Problem statement:
Copy the following data exactly and drop the pictures.

(Stored data begins)

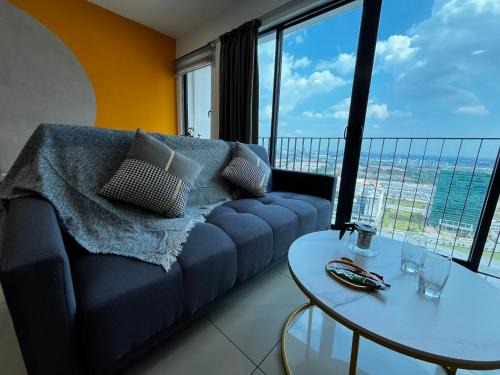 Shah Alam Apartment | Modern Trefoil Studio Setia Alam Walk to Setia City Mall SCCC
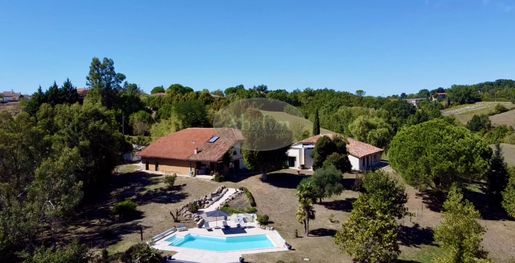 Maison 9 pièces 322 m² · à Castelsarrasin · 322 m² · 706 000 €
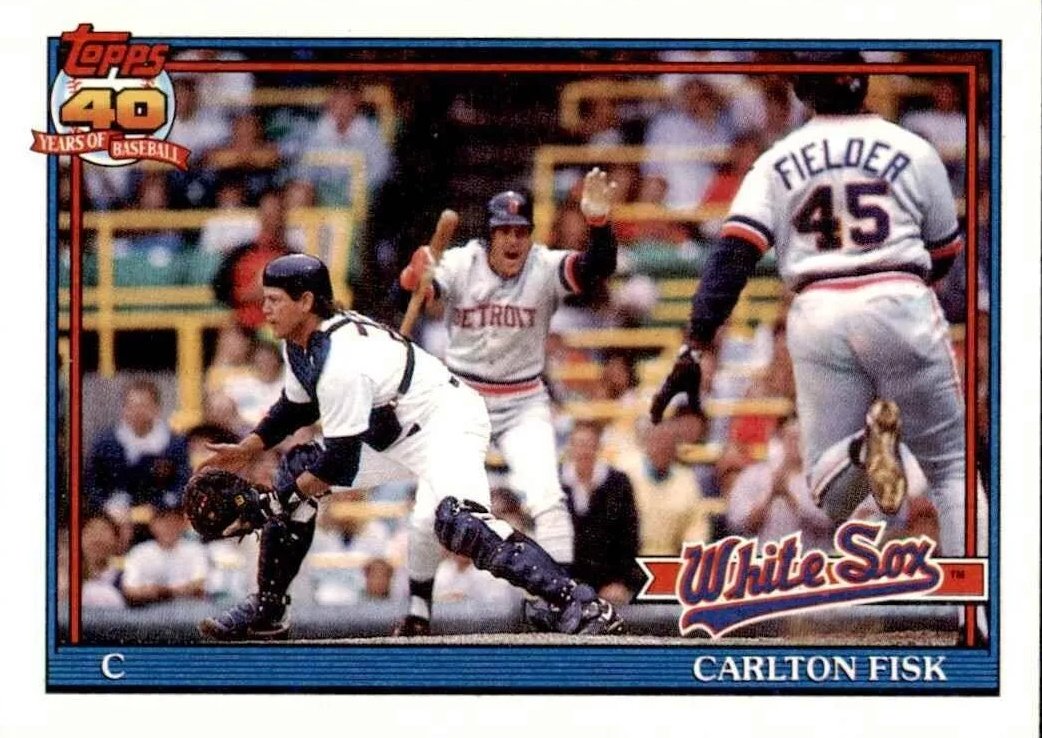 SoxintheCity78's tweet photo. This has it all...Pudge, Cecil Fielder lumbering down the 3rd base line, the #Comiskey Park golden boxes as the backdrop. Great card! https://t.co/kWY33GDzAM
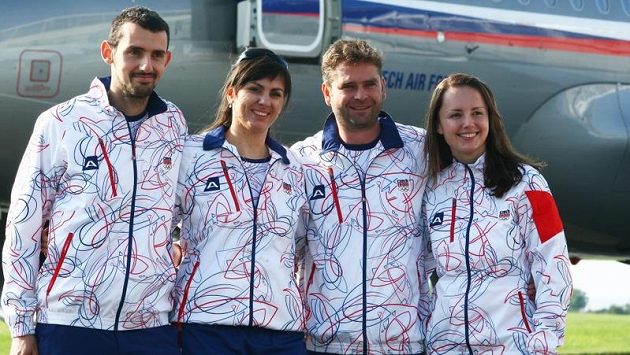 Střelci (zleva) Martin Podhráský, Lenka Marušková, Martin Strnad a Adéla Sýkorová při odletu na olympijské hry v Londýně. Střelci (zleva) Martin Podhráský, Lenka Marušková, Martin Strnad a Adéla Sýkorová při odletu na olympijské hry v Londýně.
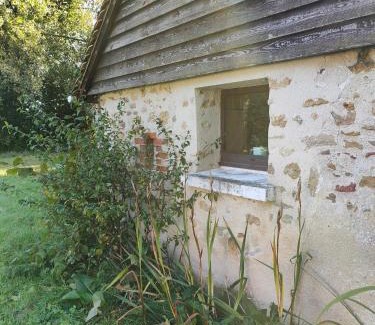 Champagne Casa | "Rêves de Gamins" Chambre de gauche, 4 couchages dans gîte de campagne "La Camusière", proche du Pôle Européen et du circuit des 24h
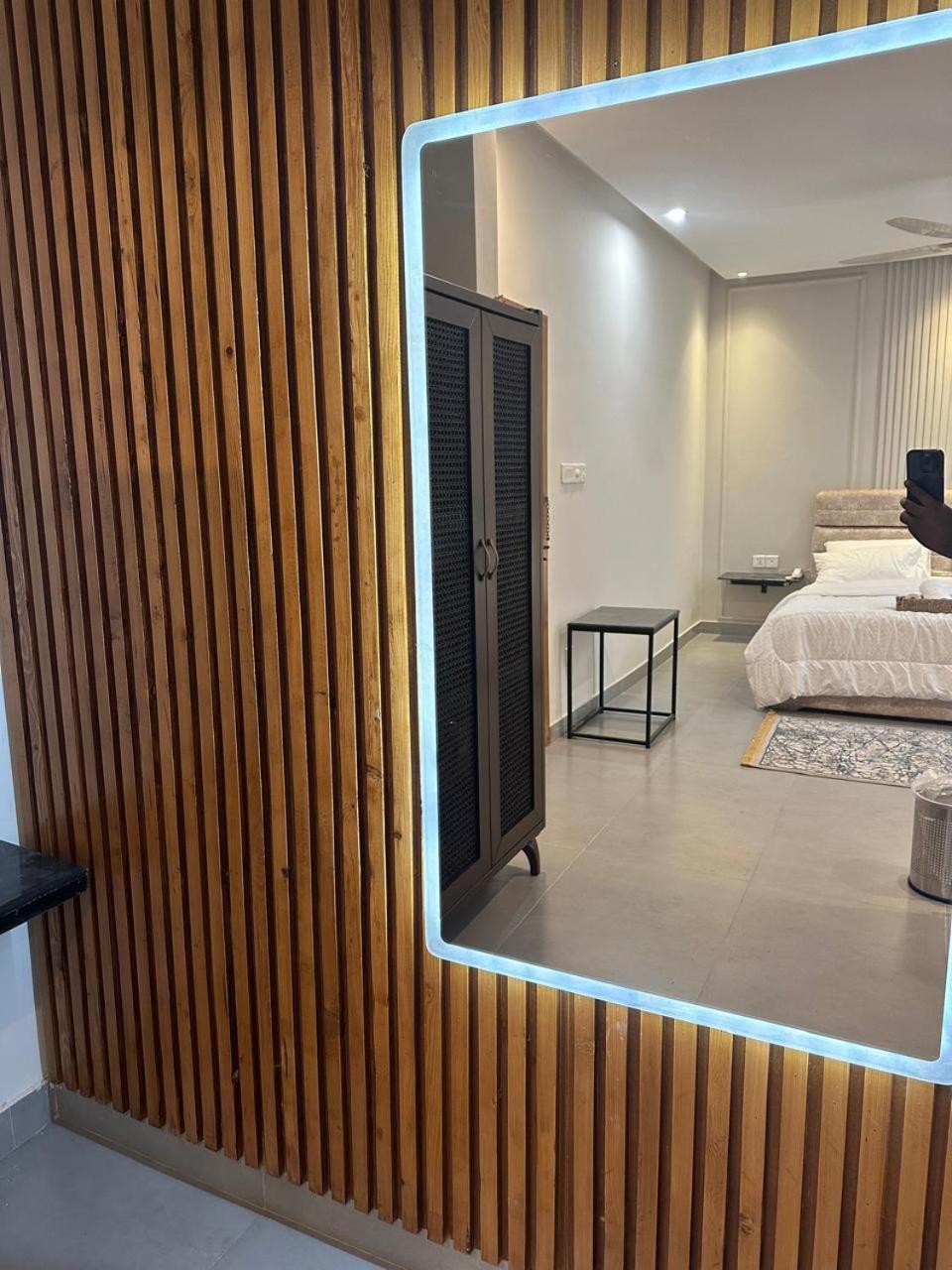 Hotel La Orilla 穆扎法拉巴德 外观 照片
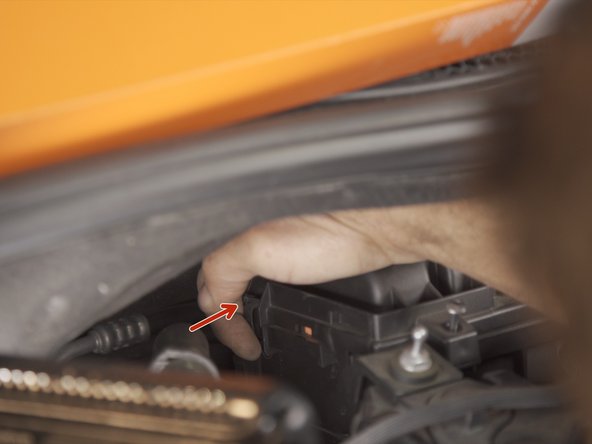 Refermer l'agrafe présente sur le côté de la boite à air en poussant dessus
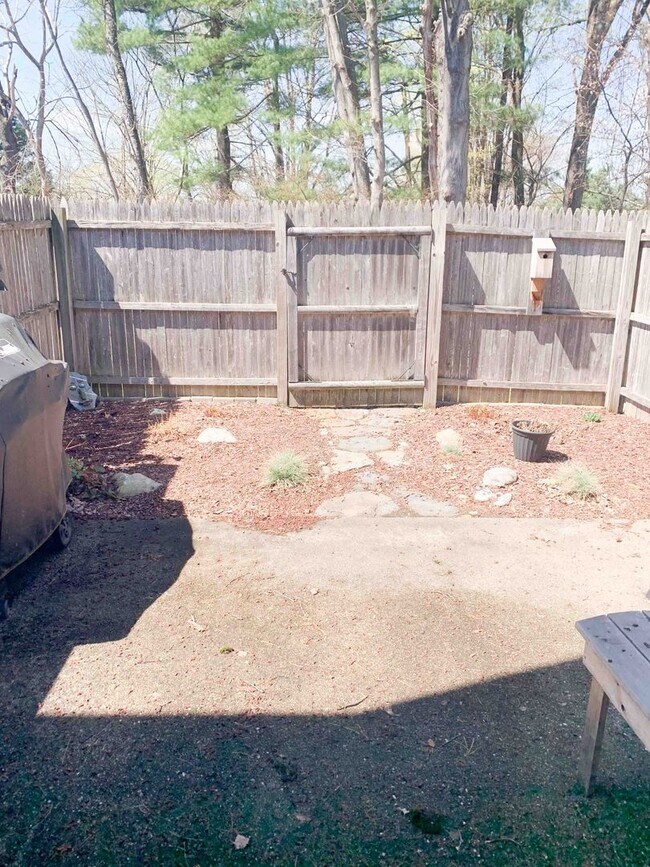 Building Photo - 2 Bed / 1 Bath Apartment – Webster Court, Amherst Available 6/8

(Stored data ends)

Answer section:
 Shah Alam Apartment | Modern Trefoil Studio Setia Alam Walk to Setia City Mall SCCC
 Maison 9 pièces 322 m² · à Castelsarrasin · 322 m² · 706 000 €
 SoxintheCity78's tweet photo. This has it all...Pudge, Cecil Fielder lumbering down the 3rd base line, the #Comiskey Park golden boxes as the backdrop. Great card! https://t.co/kWY33GDzAM
 Střelci (zleva) Martin Podhráský, Lenka Marušková, Martin Strnad a Adéla Sýkorová při odletu na olympijské hry v Londýně. Střelci (zleva) Martin Podhráský, Lenka Marušková, Martin Strnad a Adéla Sýkorová při odletu na olympijské hry v Londýně.
 Champagne Casa | "Rêves de Gamins" Chambre de gauche, 4 couchages dans gîte de campagne "La Camusière", proche du Pôle Européen et du circuit des 24h
 Hotel La Orilla 穆扎法拉巴德 外观 照片
 Refermer l'agrafe présente sur le côté de la boite à air en poussant dessus
 Building Photo - 2 Bed / 1 Bath Apartment – Webster Court, Amherst Available 6/8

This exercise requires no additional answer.